7th School of Theoretical Computer Science and Formal Methods

ETMF 2022

Lectures

Laura Kovács (Vienna University of Technology)

First-order theorem proving and Vampire (slides)

ABSTRACT:

First-order theorem proving is undergoing a rapid development thanks to its successful use in program analysis and verification, security analysis, symbolic computation, theorem proving in mathematics, and other related areas. Breakthrough results in all areas of theorem proving have been obtained, including improvements in theory, implementation, and the development of powerful theorem proving tools. However, recent developments are not always easily accessible to non-specialists. This tutorial aims to address this by introducing the audience to first-order theorem proving. The workhorse used for a demonstration of concepts discussed at the tutorial will be our award-winning theorem prover Vampire.

The tutorial will be split in two lectures. The first lecture immediately helps the audience place the work in context by introducing them to an application of theorem proving in Vampire for validating mathematical theorems. The second lectures focuses on the core concepts of automating first-order theorem proving in first-order logic with equality. We will discuss the resolution and superposition calculus, introduce the saturation principle, present various algorithms implementing redundancy elimination, and demonstrate how these concepts are implemented in Vampire.

Sidney de Carvalho Nogueira (Universidade Federal Rural de Pernambuco, Brazil)

An introduction to CSP (slides)

ABSTRACT:

This tutorial overviews the notation of the CSP formal method, its semantics, and sample applications. We use the machine-readable version of CSP (CSPM) and the FDR tool through this tutorial.

CSP (Communicating Sequential Processes) is a process algebra mainly used to model and verify the behavior of concurrent systems. Systems are modeled as processes synchronizing and exchanging data through communication channels. Besides the modeling capabilities, CSP has a set of semantic models that allow one to check refinement between processes and reason about safety and liveness properties.
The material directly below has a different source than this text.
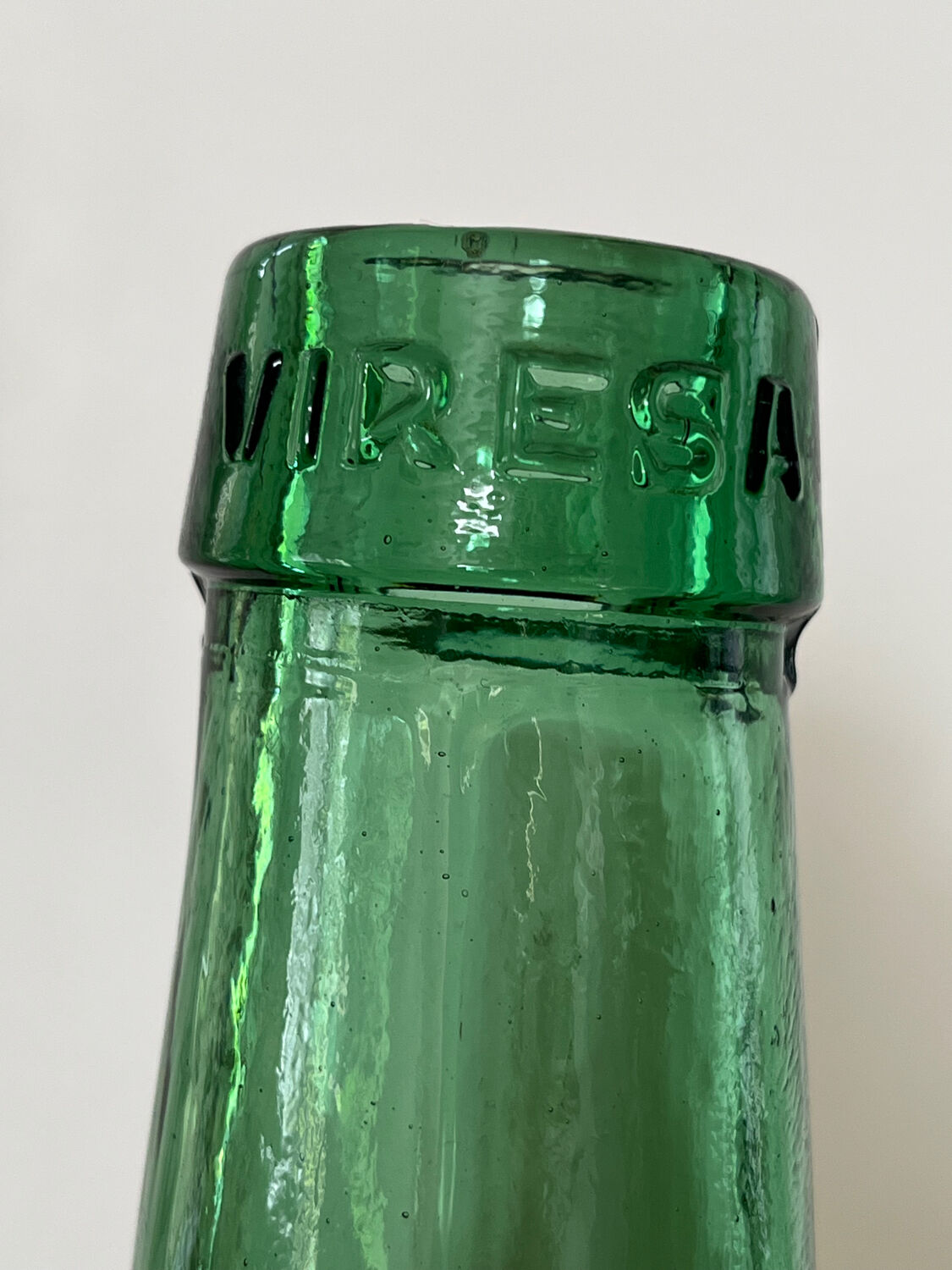 Dame-jeanne versus jéroboam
In this tutorial, we use the CSPM notation to illustrate how to model and verify sample systems using the Failures-Divergence Refinement (FDR) tool, one of the main tools for CSP. Such a tool is very efficient in automatically checking whether a CSP process refines another CSP process and verifying properties such as deadlock and livelock freedom of systems specified in CSP. We illustrate the usage of the main concepts of this tutorial using practical examples.